Best Efile Bits for Soft Potted Gel Nail Application [Japanese Gel Fundamentals Series #06]

So perhaps you are currently not using an efile but getting the itch to start, or you are using an electric file, but you’re not sure if you’re using the right bits for your manicure.

In today’s Episode #6 of this Japanese Gel Fundamentals Series, we’ll be going over the 6 bits you must have for thorough but gentle efile work when applying your gel nails as well as a few that you should avoid.

We are going to dissect this topic into three categories of efile bits.

For example, in our last post, we talked all about prep products needed to apply the gel to the natural nail, and we said (who’s we) I said, the more gentle, the better.

For instance, once in a while, it is ok to use a bonder on the natural nail, but only on the free edge.

Using a bonder on the whole nail continuously will inevitably weaken the nail, and three services later, your clients’ nails will start peeling and breaking especially at the free edge.

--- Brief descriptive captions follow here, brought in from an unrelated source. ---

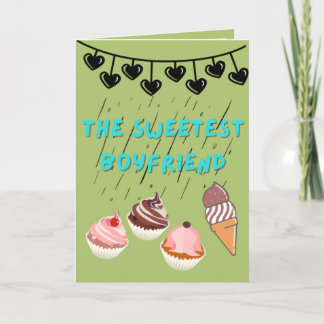 Cartão de Aniversário namorado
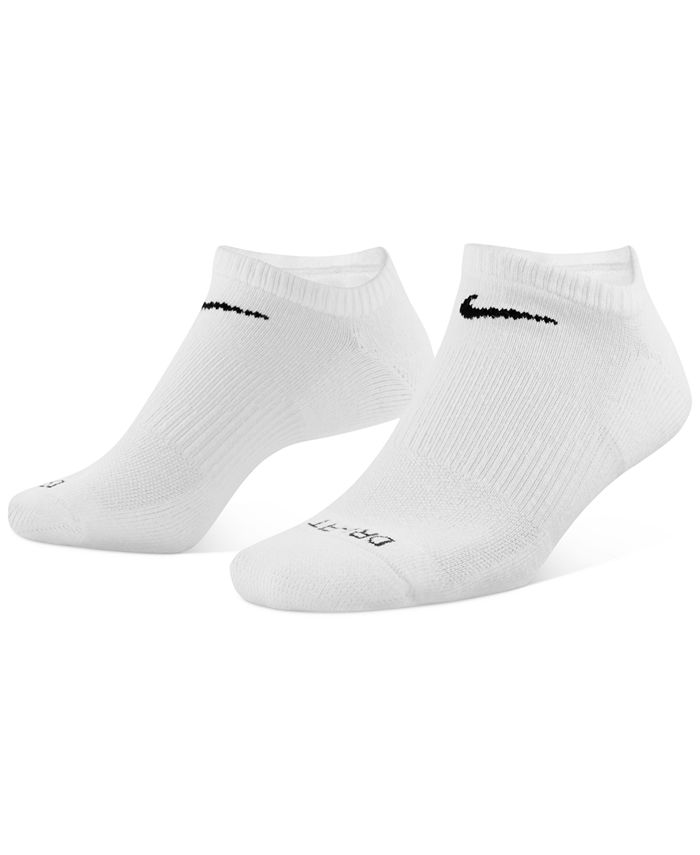 Nike Men's Everyday Plus Cushioned Training No-Show Socks 6 Pairs - Macy's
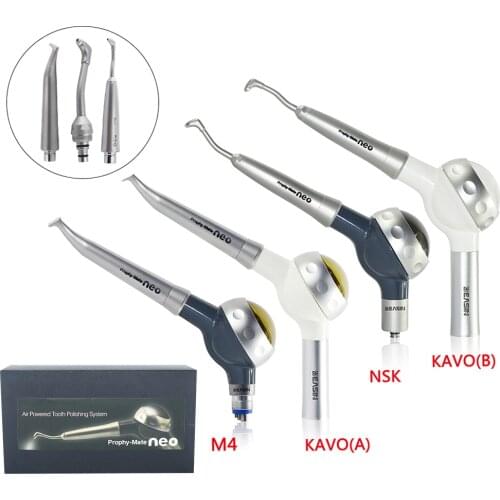 1pcs Dental air sandblasting gun prevent air system oral hygiene polisher jet 360ºRotation turbine handpiece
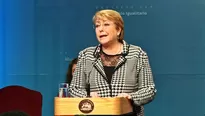 Bachelet presenta proyecto de matrimonio igualitario en Chile. Video: AFP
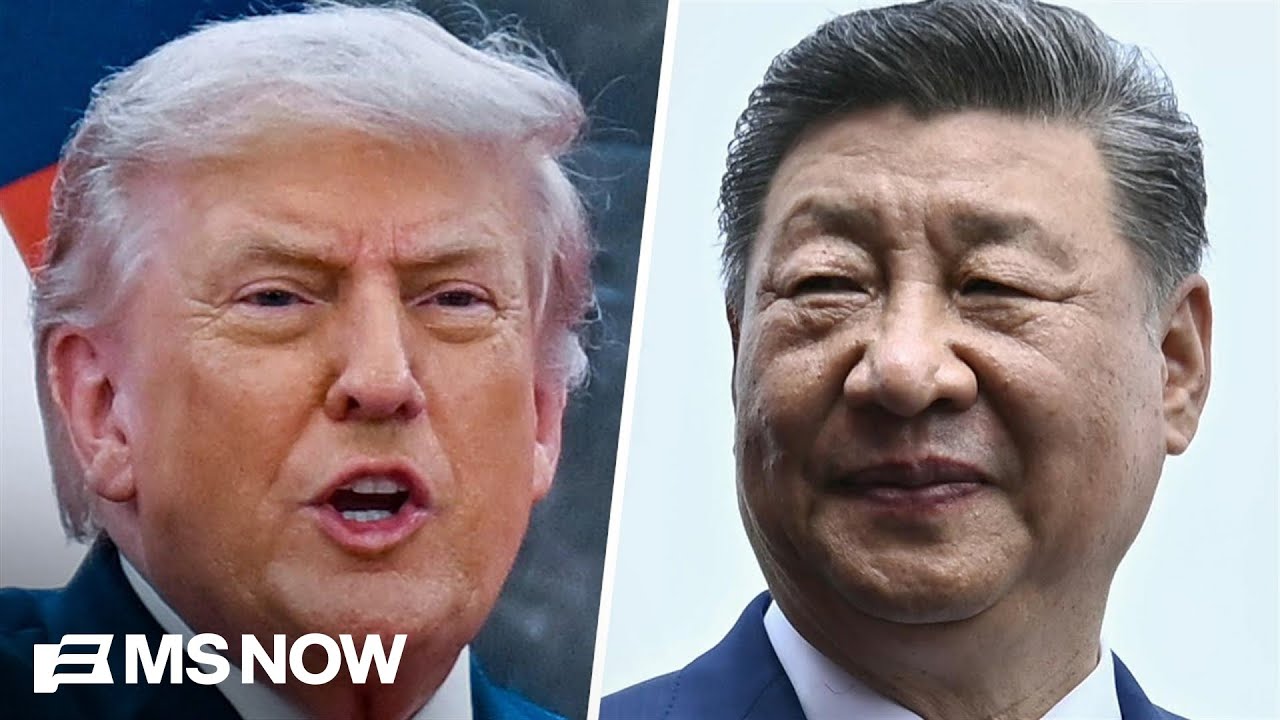 Trump: Xi told me China won't give Iran military equipment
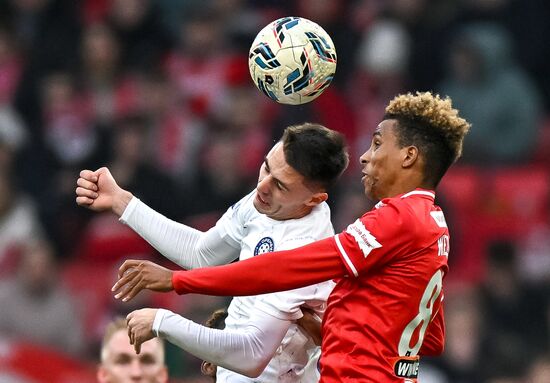 Russia Soccer Premier-League Spartak - Orenburg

You’ll be left wondering and questioning your products and expertise.

When you apply a bonding agent just at the tip (because you most likely will be clipping or filing off some length in the following service), you’re re-generating the nail. If you apply a bonder on the entire nail, then the entire nail is compromised (as in weakened and dehydrated) for the next service and then the next. At about the 3rd service… the client will start encountering problems like lifting and peeling at the free edge because that is where the oldest most weakened nail growth is. It is not at the cuticle area. Remember that area is continuously being regenerated.

So are you getting the hint that for your soft potted gel applications to thrive you need to preserve the integrity of the natural nails from the day the first service your client entrusts you with her nails? 

Products like Japanese Gel and Bio Sculpture Gel thrive when the natural nail is strong underneath. Always, always remember that.

Ok, so this was a much-needed tangent; I just hate to see soft gel techs incur lifting issues and immediately reach for the bonder bottle rather than backing off a little from being too aggressive on the nails and allowing them to be themselves under the gel. That nail underneath wants to stay moisturized.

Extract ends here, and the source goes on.